• **DATA SUPPLIED**
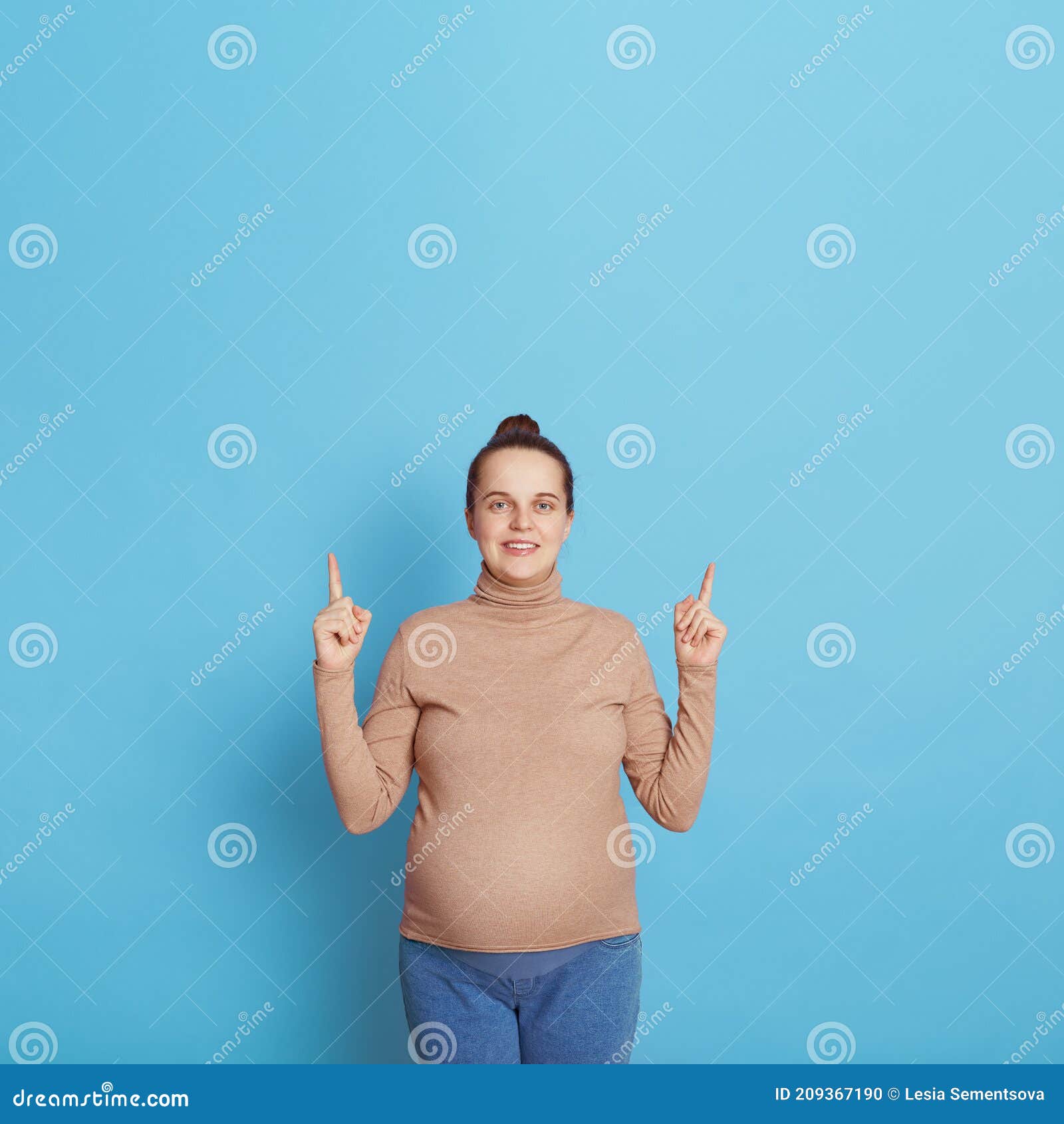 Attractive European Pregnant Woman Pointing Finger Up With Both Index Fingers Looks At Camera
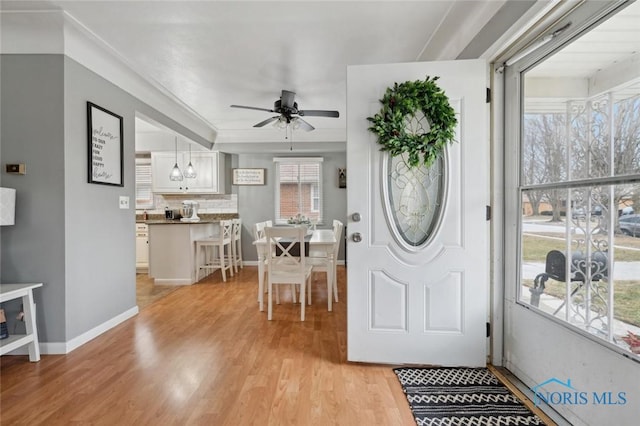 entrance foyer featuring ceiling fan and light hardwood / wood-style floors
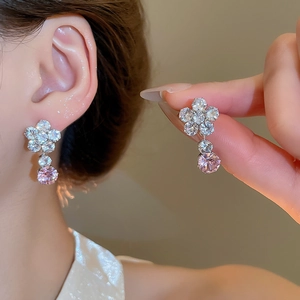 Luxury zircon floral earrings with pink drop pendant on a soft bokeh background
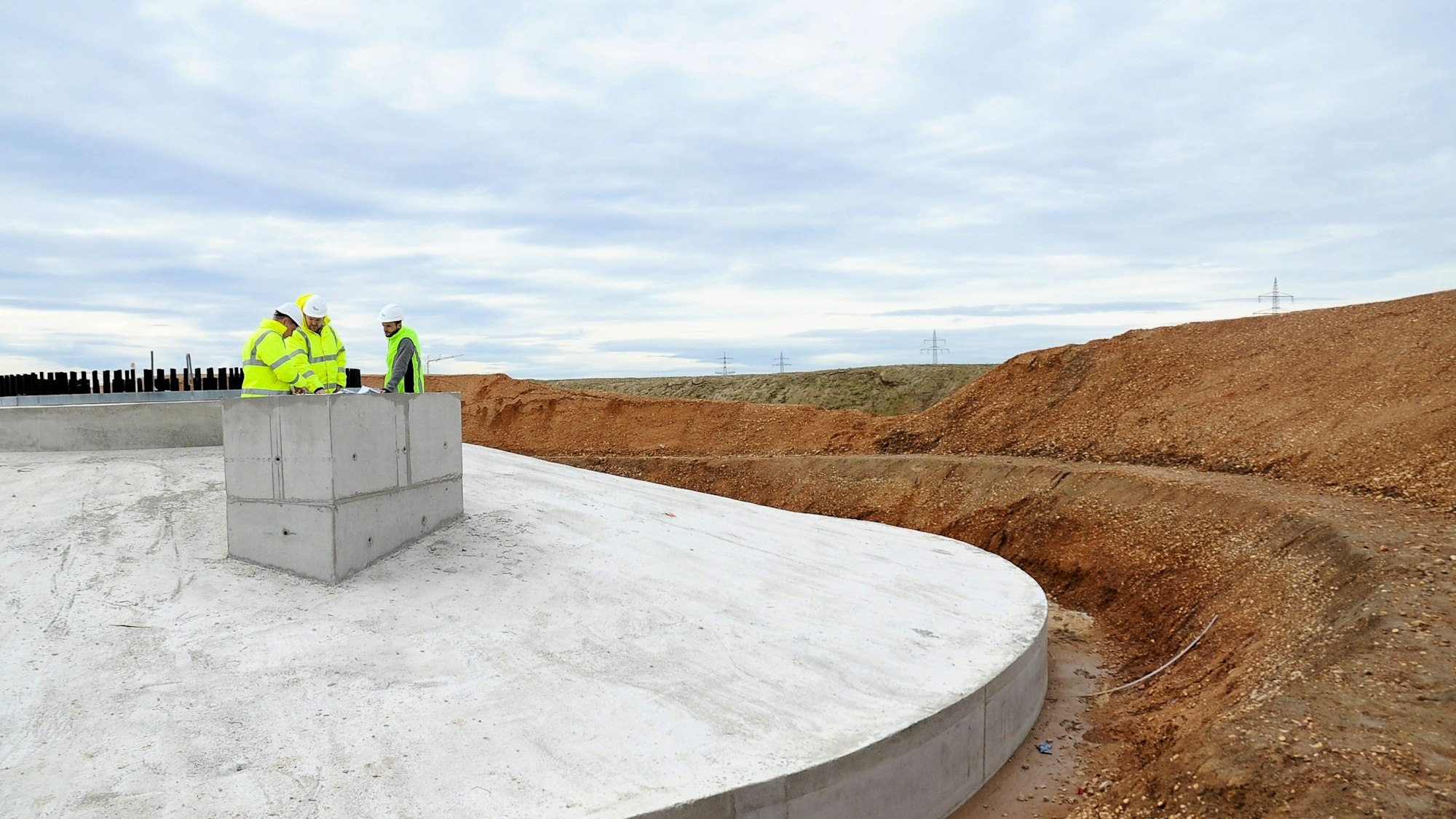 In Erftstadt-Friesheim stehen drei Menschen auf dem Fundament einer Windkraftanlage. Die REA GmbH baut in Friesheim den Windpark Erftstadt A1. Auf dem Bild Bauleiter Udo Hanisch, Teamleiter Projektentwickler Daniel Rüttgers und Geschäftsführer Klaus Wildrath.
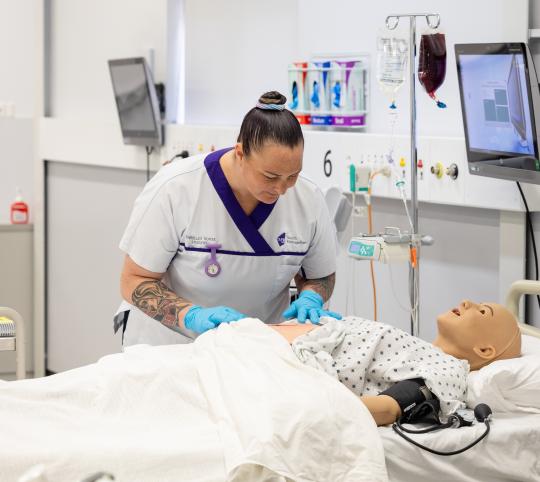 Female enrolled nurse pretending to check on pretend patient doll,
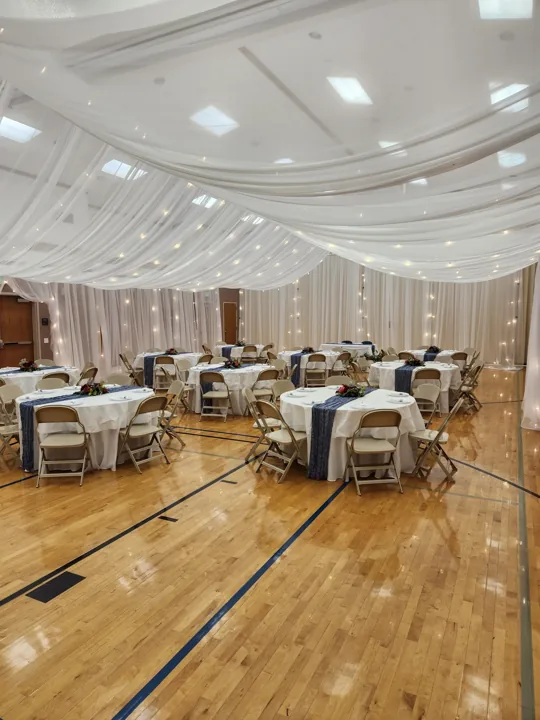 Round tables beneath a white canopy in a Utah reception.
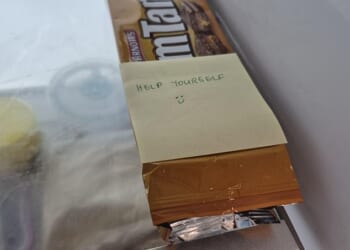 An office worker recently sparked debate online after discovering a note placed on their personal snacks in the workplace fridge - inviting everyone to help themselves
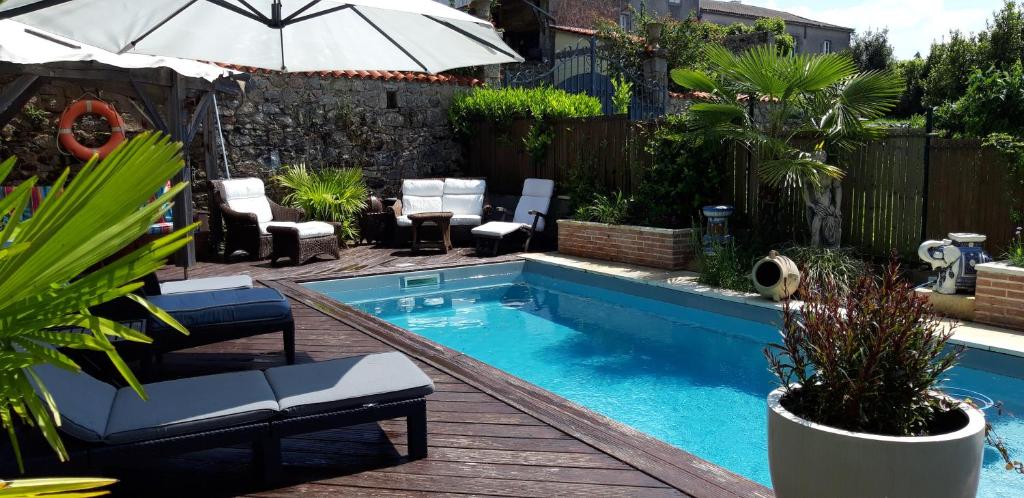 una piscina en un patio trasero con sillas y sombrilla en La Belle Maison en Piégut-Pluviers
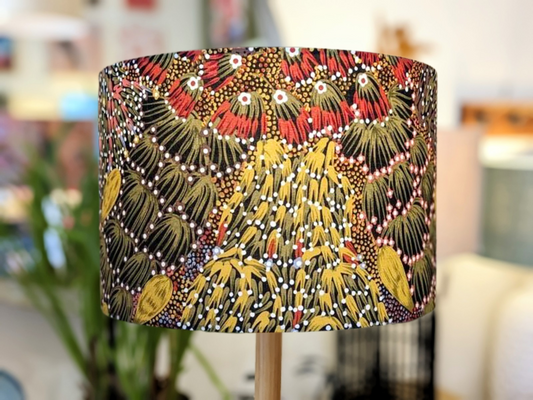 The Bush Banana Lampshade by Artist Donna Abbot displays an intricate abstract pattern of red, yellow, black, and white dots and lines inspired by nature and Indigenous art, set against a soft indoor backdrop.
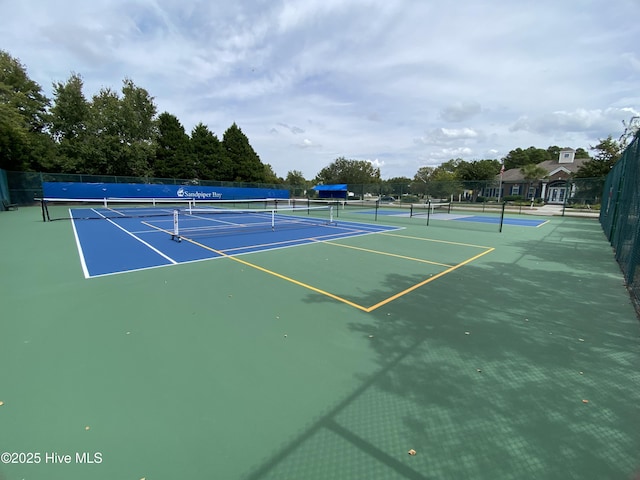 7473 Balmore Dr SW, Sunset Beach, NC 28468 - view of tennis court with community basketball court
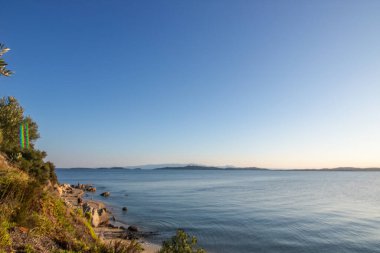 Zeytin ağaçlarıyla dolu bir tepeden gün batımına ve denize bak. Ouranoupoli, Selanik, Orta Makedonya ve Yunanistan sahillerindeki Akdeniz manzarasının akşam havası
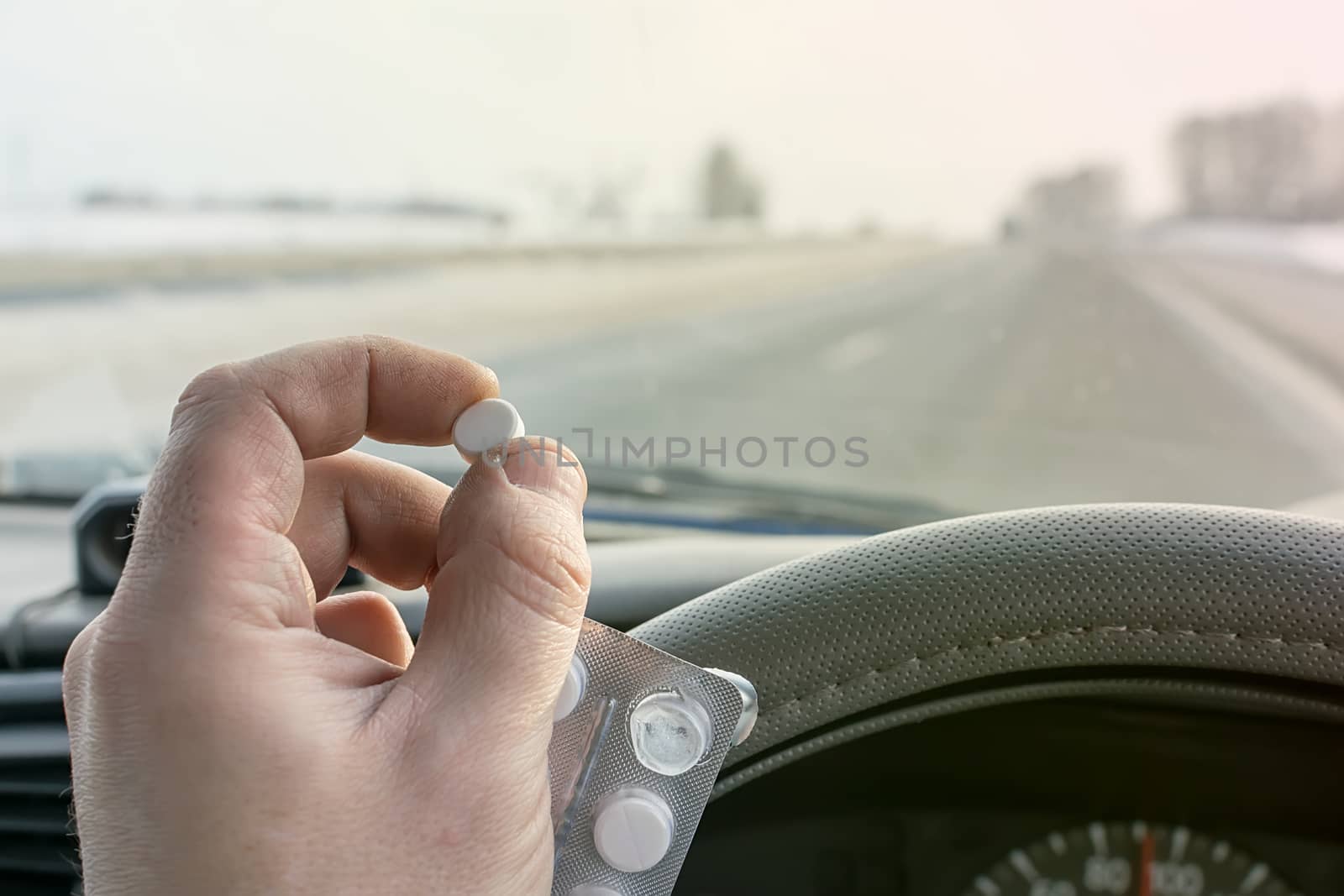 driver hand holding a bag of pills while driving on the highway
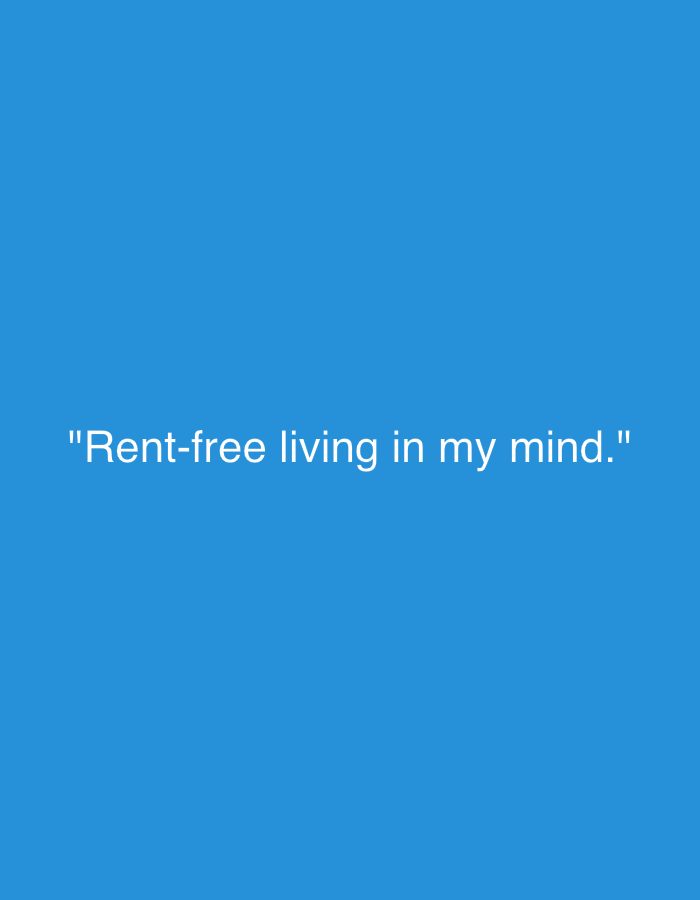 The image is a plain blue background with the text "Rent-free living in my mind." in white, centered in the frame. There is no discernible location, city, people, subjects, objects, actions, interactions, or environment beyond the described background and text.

• **BRIEF**
Copy out exactly the lines between the line that contains "driver hand holding" and the last line of the records, both ends included; leave out every picture.

• **WRITTEN ANSWER**
 driver hand holding a bag of pills while driving on the highway
 The image is a plain blue background with the text "Rent-free living in my mind." in white, centered in the frame. There is no discernible location, city, people, subjects, objects, actions, interactions, or environment beyond the described background and text.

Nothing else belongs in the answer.